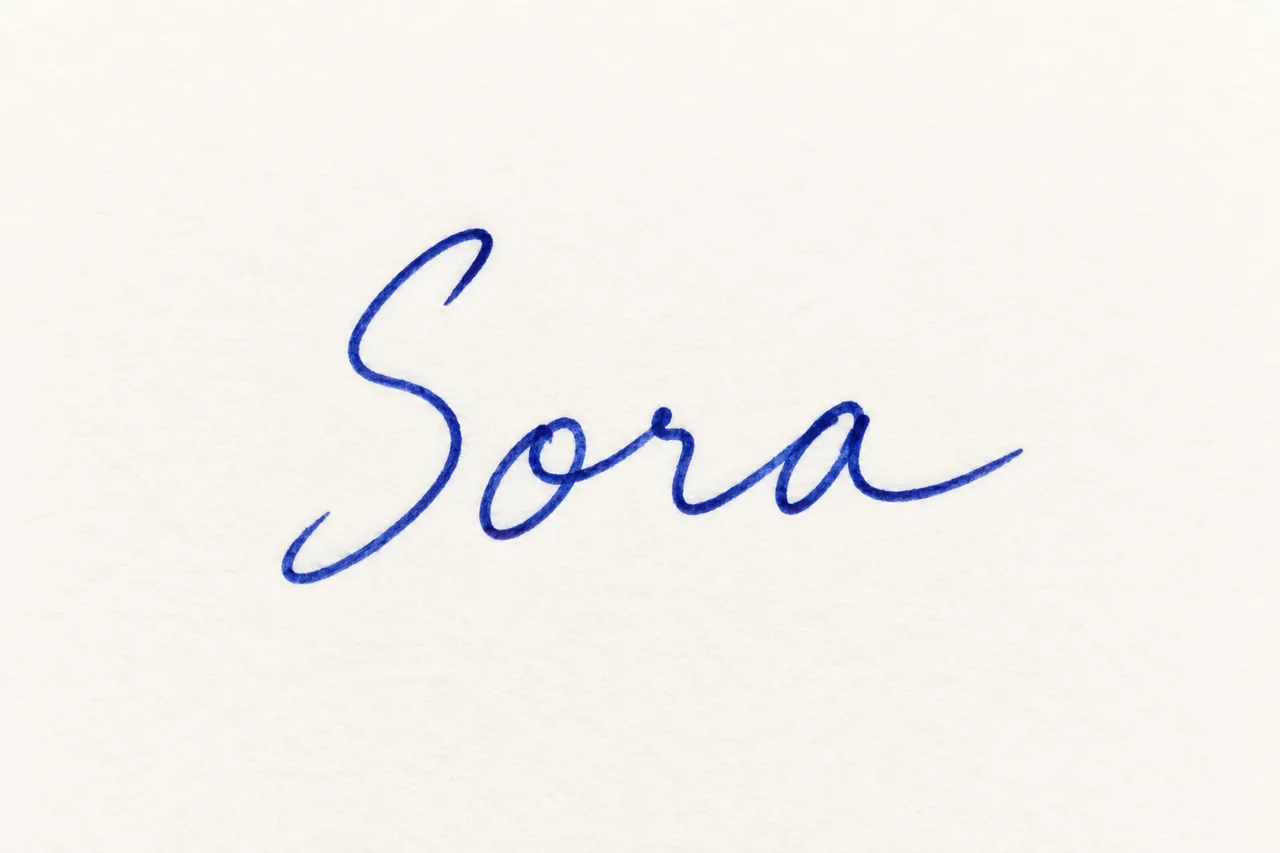 Sora written in simple blue handwriting as a reference
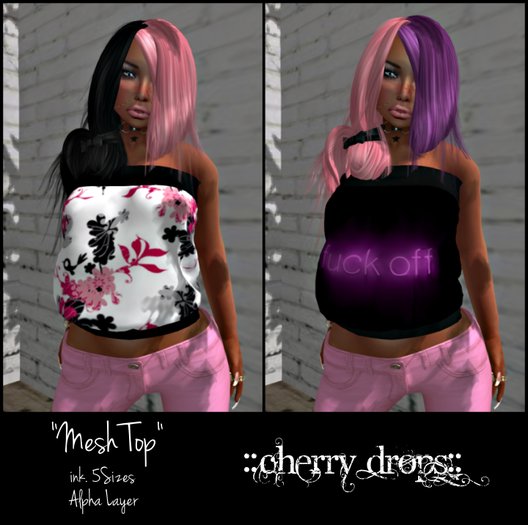 ::Cherry Drops:: Mesh Top Zebra (wear)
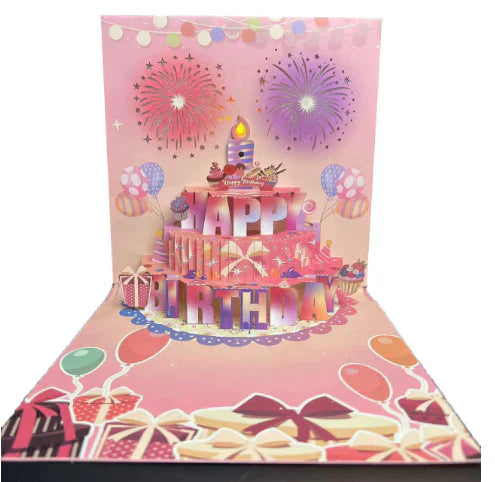 🔥Beste gave 50% RABATT🎁Fyrverkeri pop-up kake med lys og musikk, bursdagskort gave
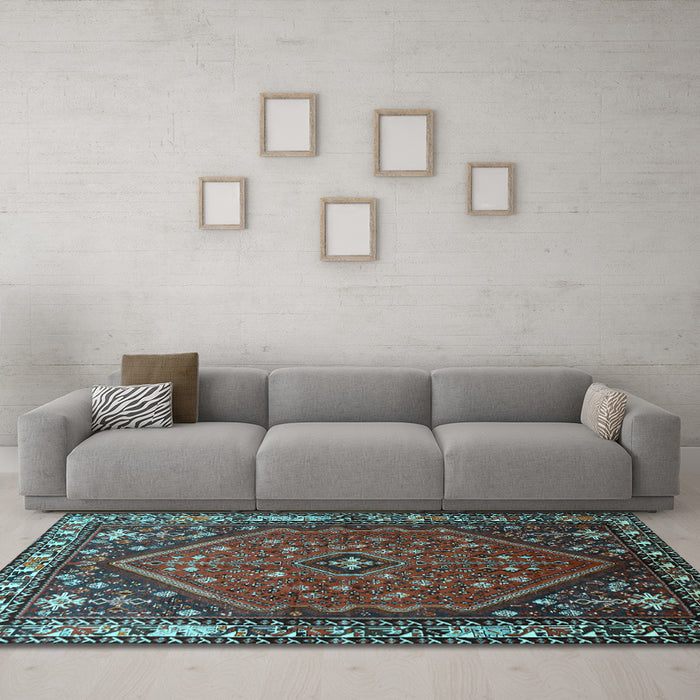 Machine Washable Persian Light Blue Traditional Rug in a Living Room, wshtr817lblu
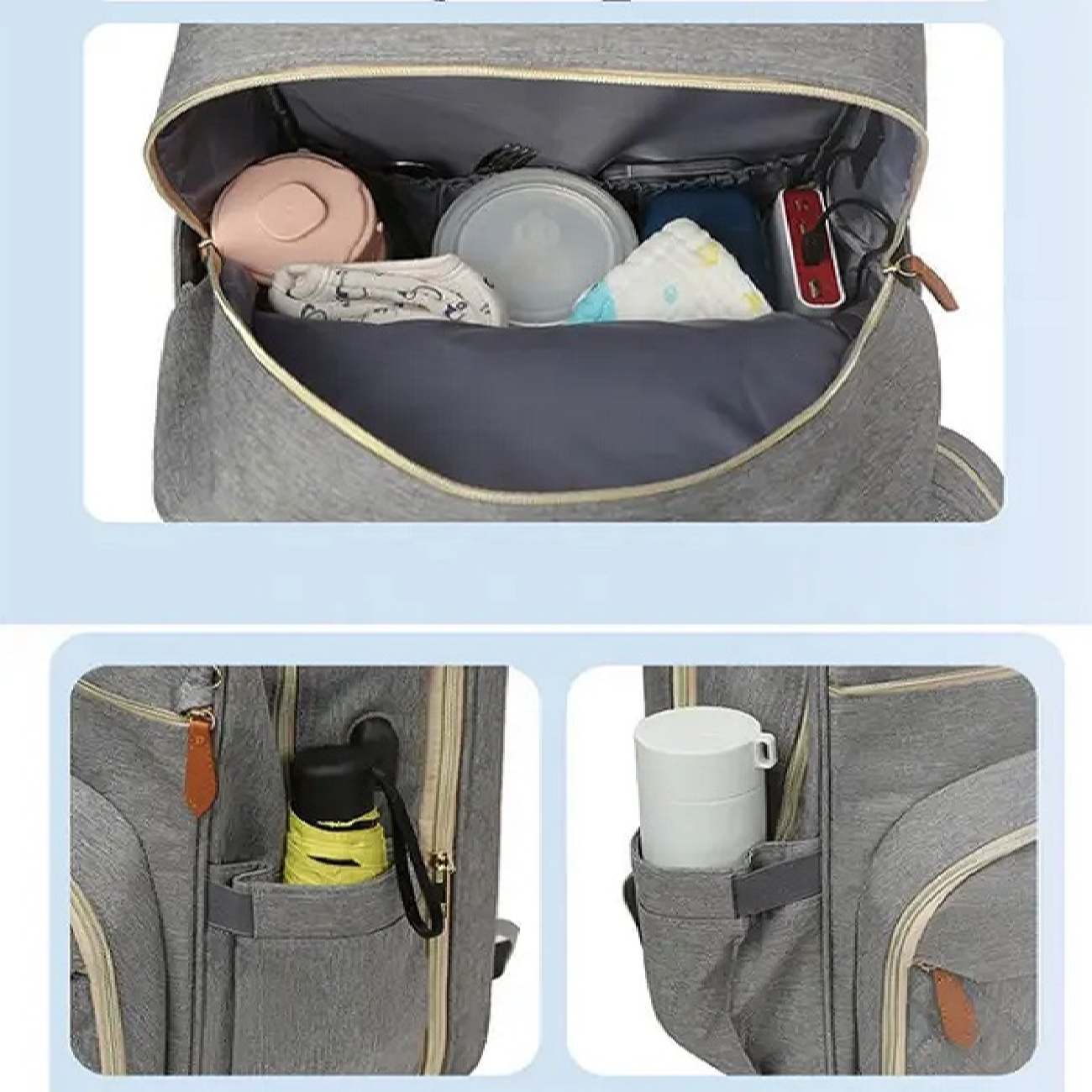 Sac pour accessoires de bébé avec poches latérales – modèle convertible en couffin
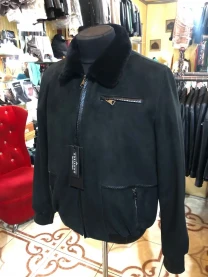 Бомбер замша зимовий,дублянка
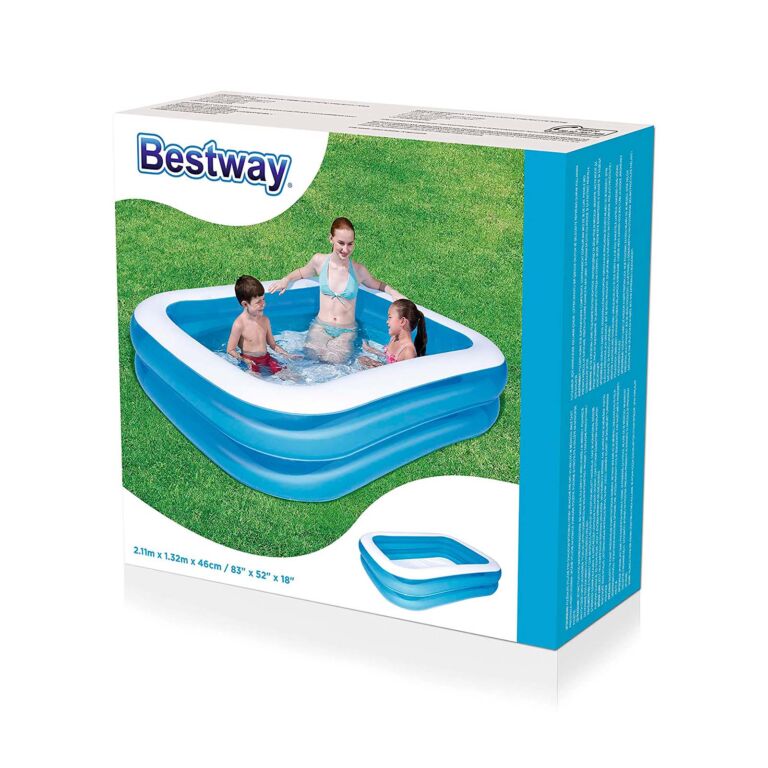 Piscina hinchable Rectangular 2.11x 1.32 Azul y blanco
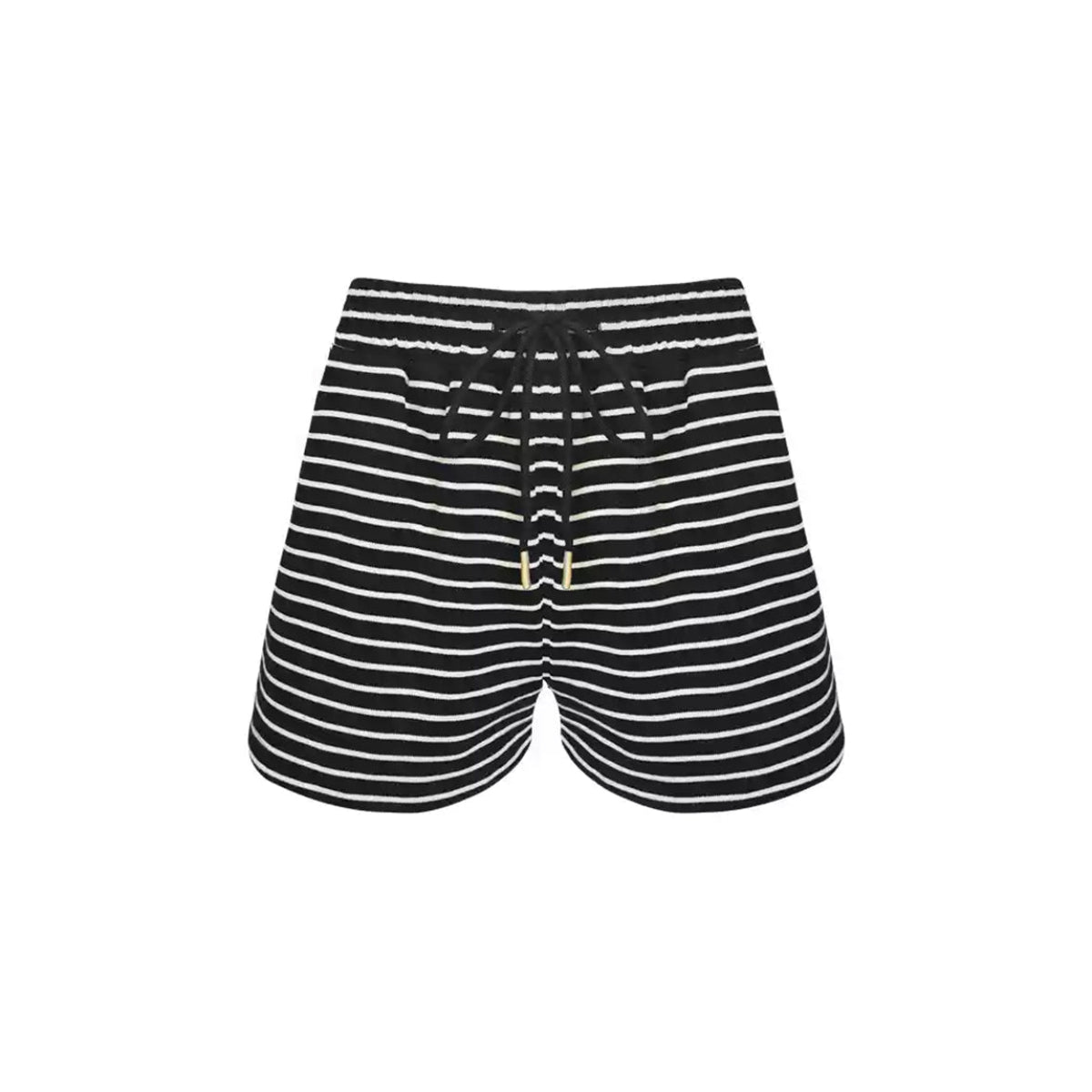 AsGony Striped Drawstring Casual Shorts Black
◇ ◇ ◇ ◇
The line with "Sac pour accessoires" ends the range, and the first line of the data begins it; repeat exactly those lines and nothing more, omitting pictures.

Task response:
 Sora written in simple blue handwriting as a reference
 ::Cherry Drops:: Mesh Top Zebra (wear)
 🔥Beste gave 50% RABATT🎁Fyrverkeri pop-up kake med lys og musikk, bursdagskort gave
 Machine Washable Persian Light Blue Traditional Rug in a Living Room, wshtr817lblu
 Sac pour accessoires de bébé avec poches latérales – modèle convertible en couffin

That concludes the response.